National Park Authority consultation opens on changes to car park charging
Wednesday 19 October 2022
A consultation has opened this week on proposed changes to car parks owned and operated by the Peak District National Park Authority.
The changes proposed – which would be implemented via Byelaws and Parking Orders – include increasing the number of pay and display locations within the Authority’s network of 45 current car parks, and changes to tariffs at all of their Pay & Display locations.
Byelaws and Parking Orders for the Authority’s sites were last reviewed in 2016, with changes then coming into effect in 2018. A similar approach is expected with the current proposals.
Options put forward include simplifying ticket type selection – for example purchasing a motorcycle ticket in error instead of a car – and increasing parking periods for coaches and horseboxes.
Price ranges for cars would change to £1.75 for a single hour only (up 25p), up to £5.50 for a full day (a 75p increase).

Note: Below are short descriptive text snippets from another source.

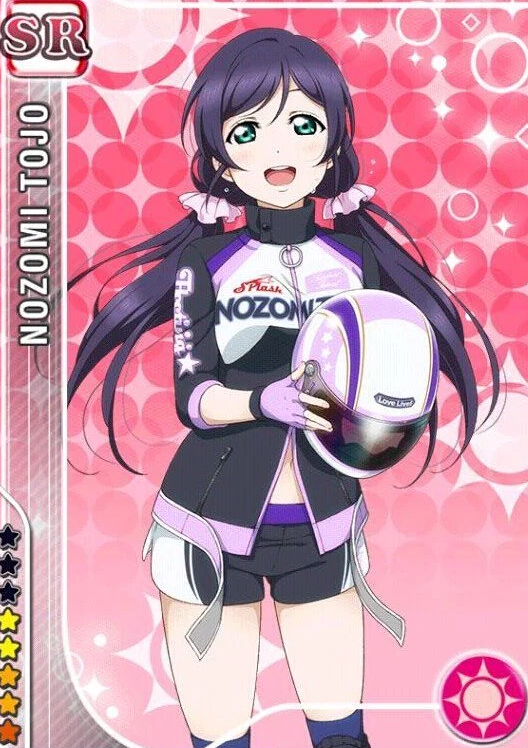 Love Live Nozomi Tojo Kostüme (April Speed Racer)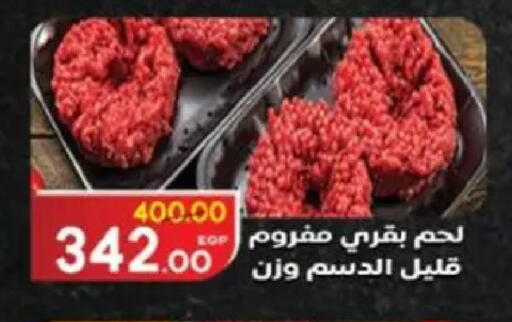 available at Galhom Market in Egypt - Cairo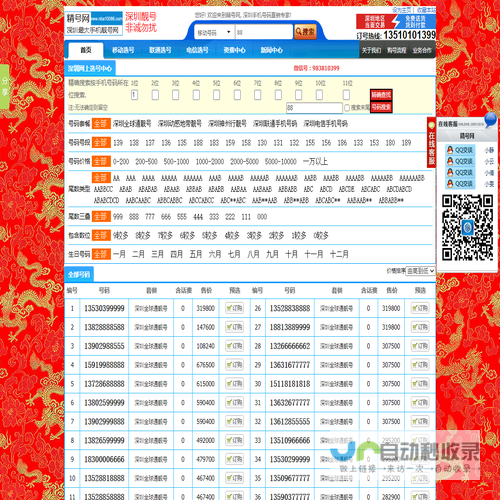 深圳手机靓号选号平台首选＂精号网＂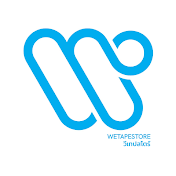 WeTapeStore (วีเทปสโตร์)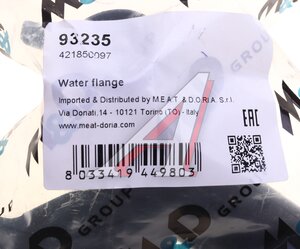 Патрубок TOYOTA Vitz (99-) системы охлаждения MEAT&DORIA 93235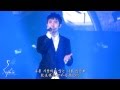 [中字] EXO D.O Solo Tell Me What is Love @ 140602 ...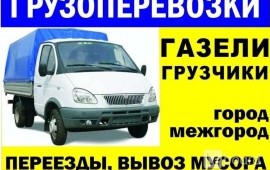 ГРУЗОПЕРЕВОЗКИ И ГРУЗЧИКИ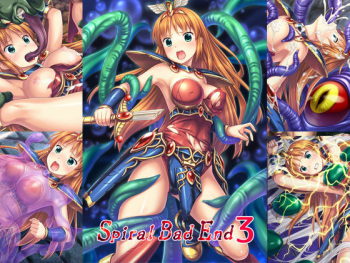 Spiral Bad End 3 cover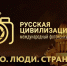 О проведении X Международного фотоконкурса «Русская цивилизация» - Макарьевский район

Blue Badge holders will continue to park for free.
An annual parking permit, applied across all 45 Authority-owned locations, will increase in stages gradually to a final cost of £66 by 2024 – the first increase for almost a decade, when it was originally set at £40 in 2013.

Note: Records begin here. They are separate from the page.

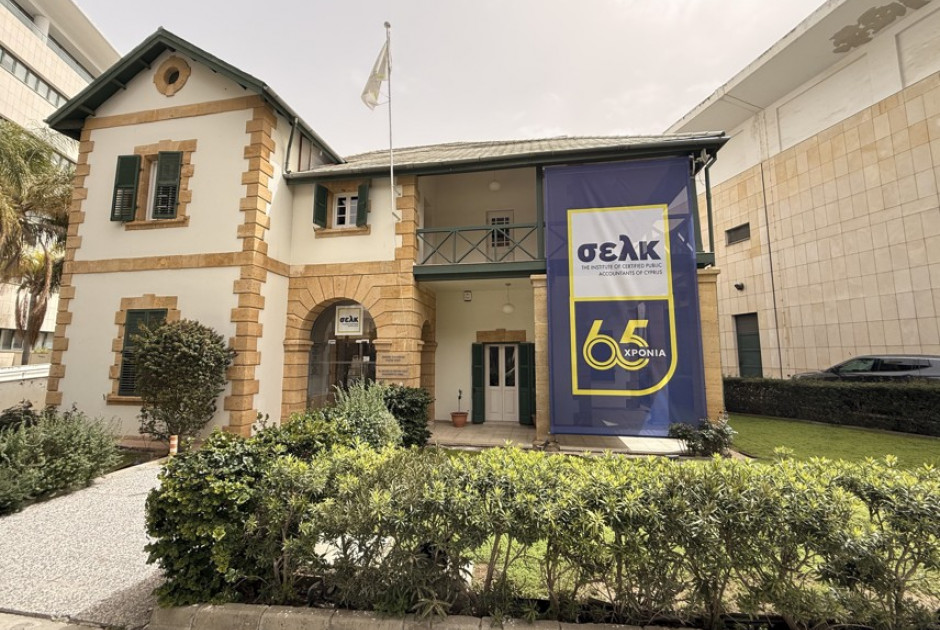 &Sigma;&Epsilon;&Lambda;&Kappa;: 65 &chi;&rho;ό&nu;&iota;&alpha; &pi;&rho;&omicron;&sigma;&phi;&omicron;&rho;ά&sigmaf; &kappa;&alpha;&iota; &sigma;&upsilon;&mu;&beta;&omicron;&lambda;ή&sigmaf; &sigma;&tau;&eta;&nu; &kappa;&upsilon;&pi;&rho;&iota;&alpha;&kappa;ή &omicron;&iota;&kappa;&omicron;&nu;&omicron;&mu;ί&alpha;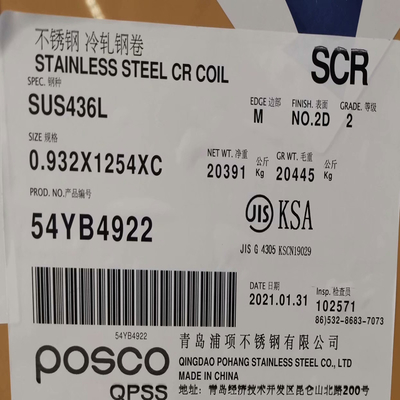 ASTM A240 SUS436L Grade 3mm Stainless Steel Sheet 2D Selesai Disikat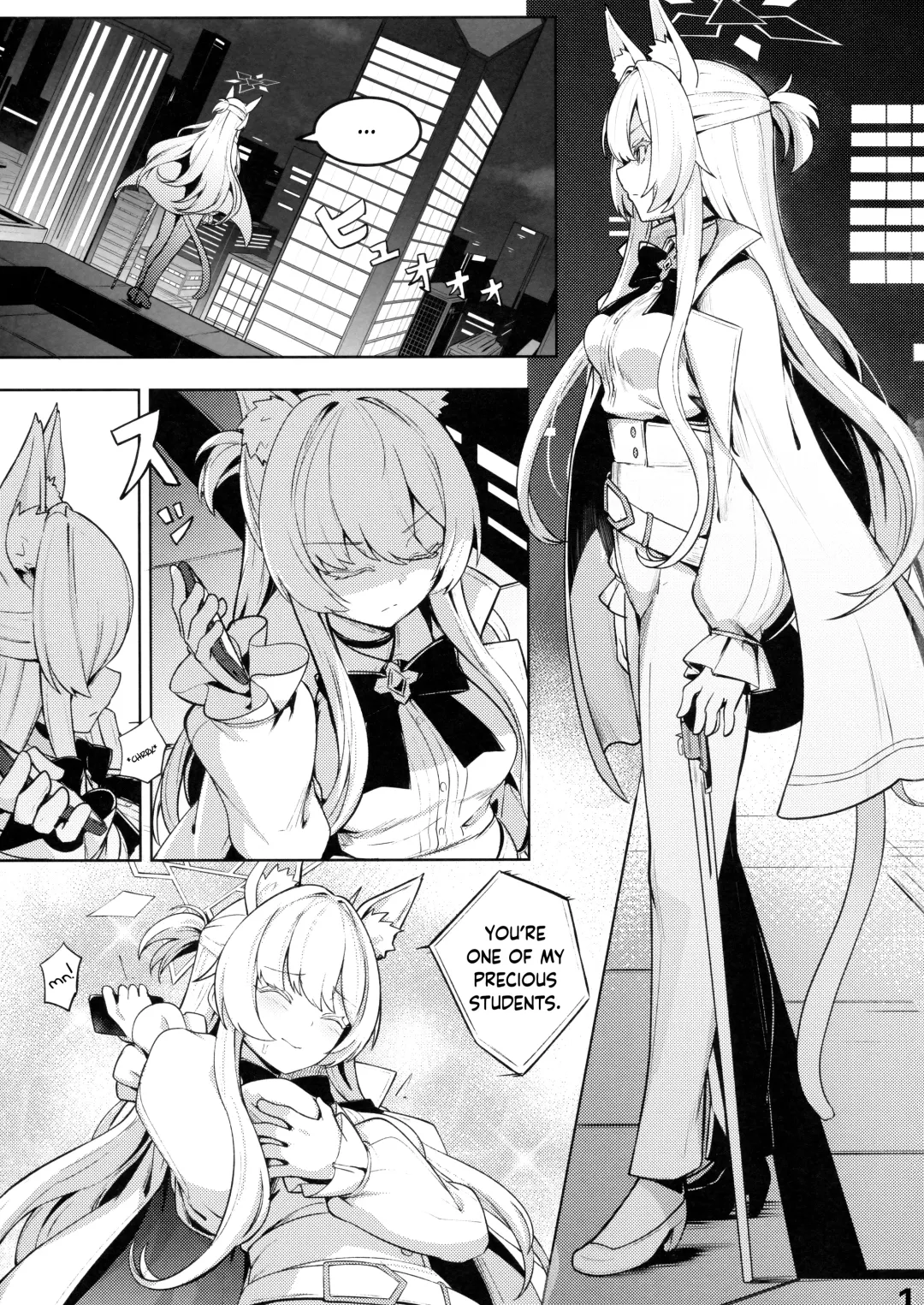 [Siseki Hirame] Sukitoutta Akira | Clear Akira Fhentai - Page 2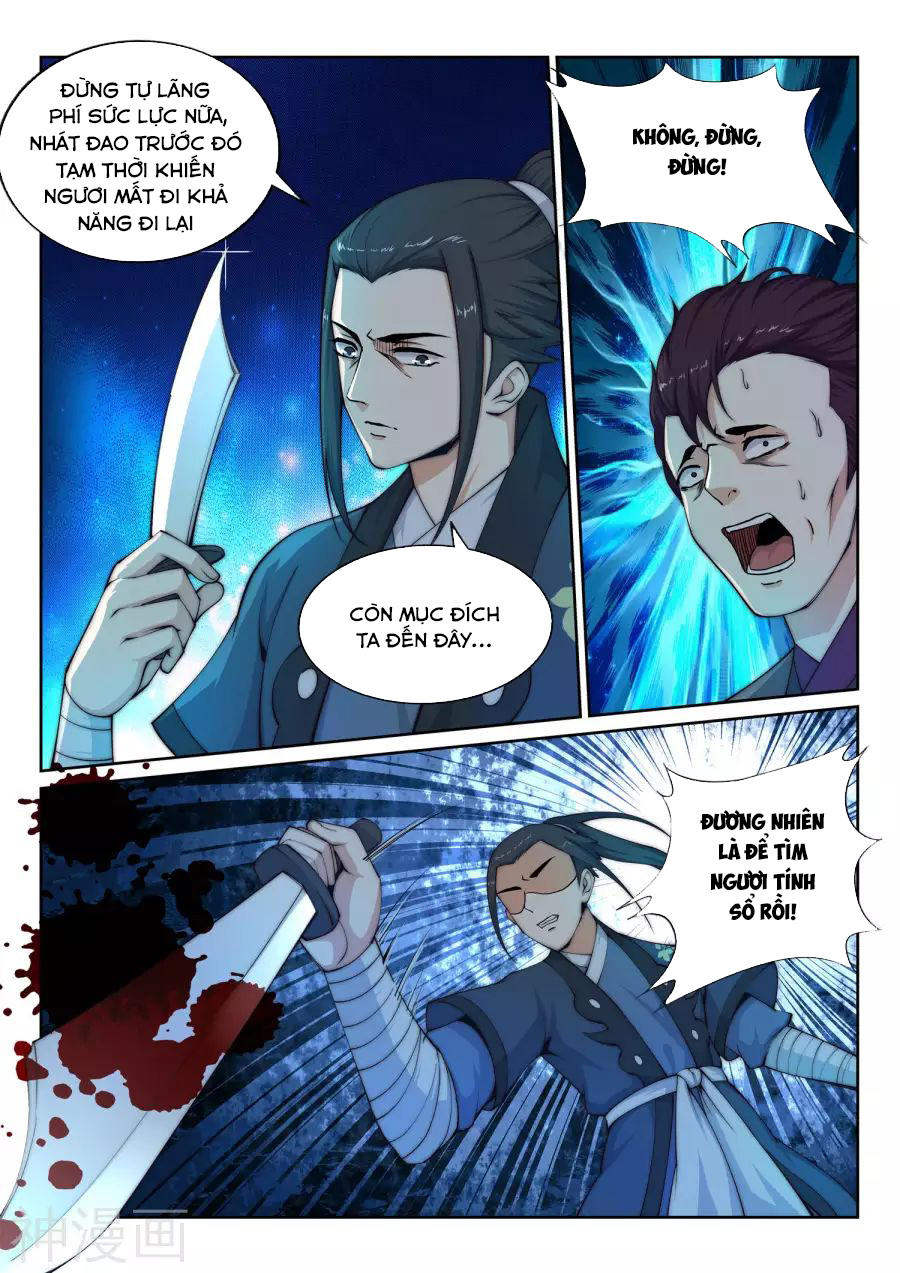 Nghịch Thiên Tà Thần Chap 25 - Next Chap 26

The Authority confirmed that price analysis and calculations were undertaken prior to recent sharp inflation rises, and are based on averages across the preceding years since the last changes to Byelaws and Parking Orders.
A Peak District National Park Authority spokesperson said: “The proposed changes, which in some cases such as the annual permit will be introduced incrementally, continue to represent very good value in line with other local parking providers and by comparison to National Parks throughout the country.
“Under the proposals, a regular visitor to any of our Pay and Display locations would still pay less than £1.30 a week to park under an annual permit at its final cost of £66 in three year’s time.
“As the fee analysis was undertaken in 2021, it has protected car park users and visitors from potential sharper increases related to current inflation, despite the Authority’s own costs continuing to go up in line with these external factors.
“Whilst the number of Pay & Display sites may increase, this reflects the maintenance and other operating costs associated with the whole of our car park, all-user trails and public toilets network - given that almost all of these additional facilities are available to visitors at no charge.”
Around a third of the Authority’s car parks will remain free of charge to all users.